Open Window School Student Experiment to Fly to the International Space Station
This fall students at Open Window School have their heads in the clouds, actually far above the clouds. They are working in teams on proposals for microgravity experiments to be conducted by astronauts 250 miles above sea level on the International Space Station (ISS). One of these student-designed experiments will be among 22 selected from the United States and Canada to fly on Mission 9 to the ISS in late spring of 2016 as part of the Student Spaceflight Experiments Program (SSEP). SSEP is undertaken by the National Center for Earth and Space Science Education (NCESSE) in partnership with NanoRacks, LLC.
Students in grades four through eight are engaging in a variety of microgravity learning experiences, including building drop-towers and robotic arms. They will soon break into teams to design research proposals for microgravity experiments in diverse fields such as seed germination, crystal growth, physiology and life cycles of microorganisms, cell biology and growth, food studies, and studies of micro-aquatic life. Each experiment must be designed to work within the constraints of a Fluids Mixing Enclosure (FME) research mini-laboratory and pass a NASA Flight Safety Review.
After the student teams have submitted their formal research proposals, a review team of master STEM educators and local researchers will convene in November to select the top three proposals.
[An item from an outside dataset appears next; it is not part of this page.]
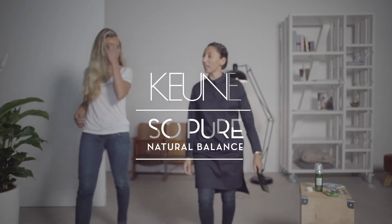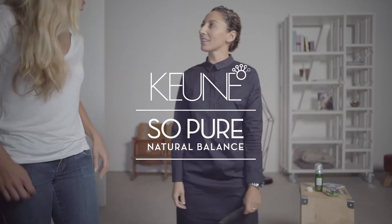Are you ready for an overnight braid? Yes, yes. The thing is that we're going to start prepping the hair before you go to bed. First, we're going to create some really nice organic texture.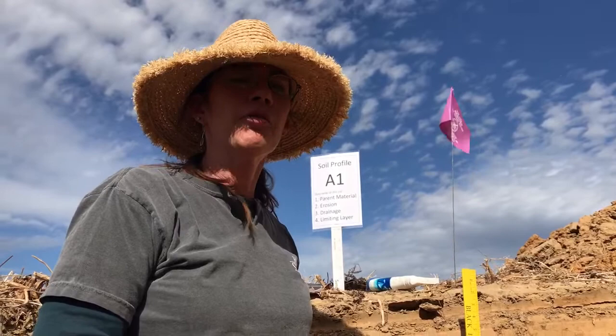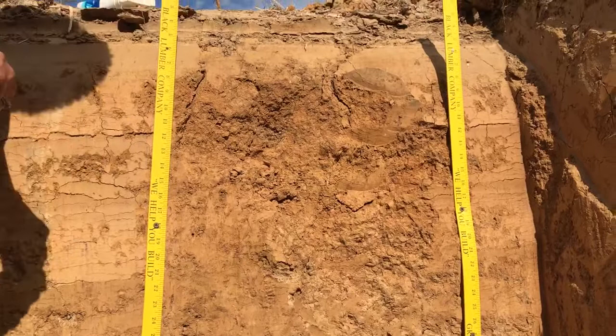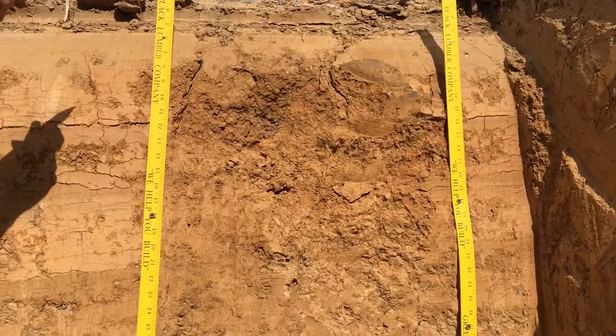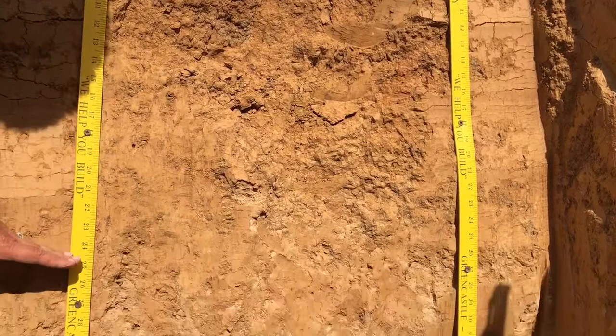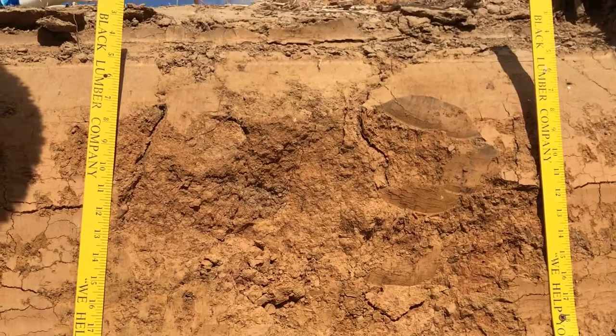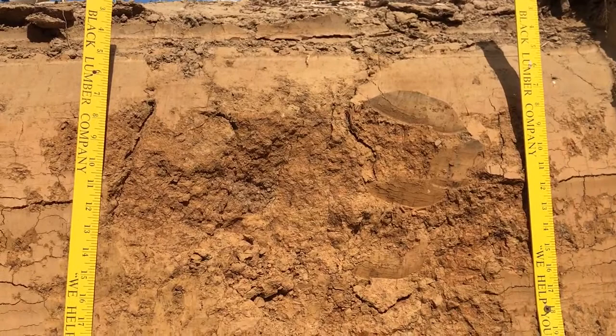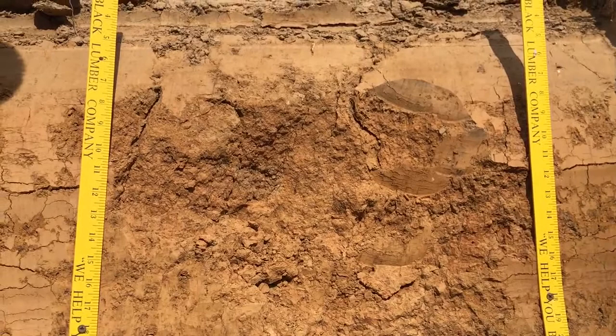Welcome to hole number two, also a home site hole. We chose this one because it's a really nice view and there's a lot to talk about in this particular pit. We decided on the parent material being loess, judged at 5 to 25 inches. Loess is windblown silty material — very floury feeling, no rocks in it. This is a really good example of what loess feels and looks like.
These proposals will travel to a national committee, which will select the final experiment for a spring 2016 spaceflight. In addition to the microgravity experiment, Open Window School will send two official mission patches designed by kindergarten through eighth grade students to fly aboard the ISS.
Participation in this esteemed program offers a valuable opportunity for students to engage in real-world learning experiences. Students will visit local science and aerospace museums and research laboratories as well as partner with adult professionals in various scientific fields. In addition, students are gaining critical written communications skills as they engage in an authentic two-step science proposal review process. Open Window School's curriculum reflects a commitment to student-generated inquiry and the connection of classroom activities to sophisticated real world problems and solutions. Participation in SSEP represents the school’s grandest application of this commitment.
Head of School Jeff Stroebel believes that SSEP offers a unique opportunity for Open Window school students: “Participation in SSEP offers our students an experience that they will remember the rest of their lives. Far more than learning science, they will have the opportunity to be scientists, conducting an experiment structured identically to the work of the world’s leading researchers.”
The Student Space Flight Experiments Program (http://ssep.ncesse.org) is undertaken by the National Center for Earth and Space Science Education (NCESSE; http://ncesse.org) in partnership with NanoRacks, LLC.
This on-orbit educational research opportunity is enabled through NanoRacks, LLC, which is working in partnership with NASA under the Space Act Agreement as part of the utilization of the International Space Station as a National Laboratory.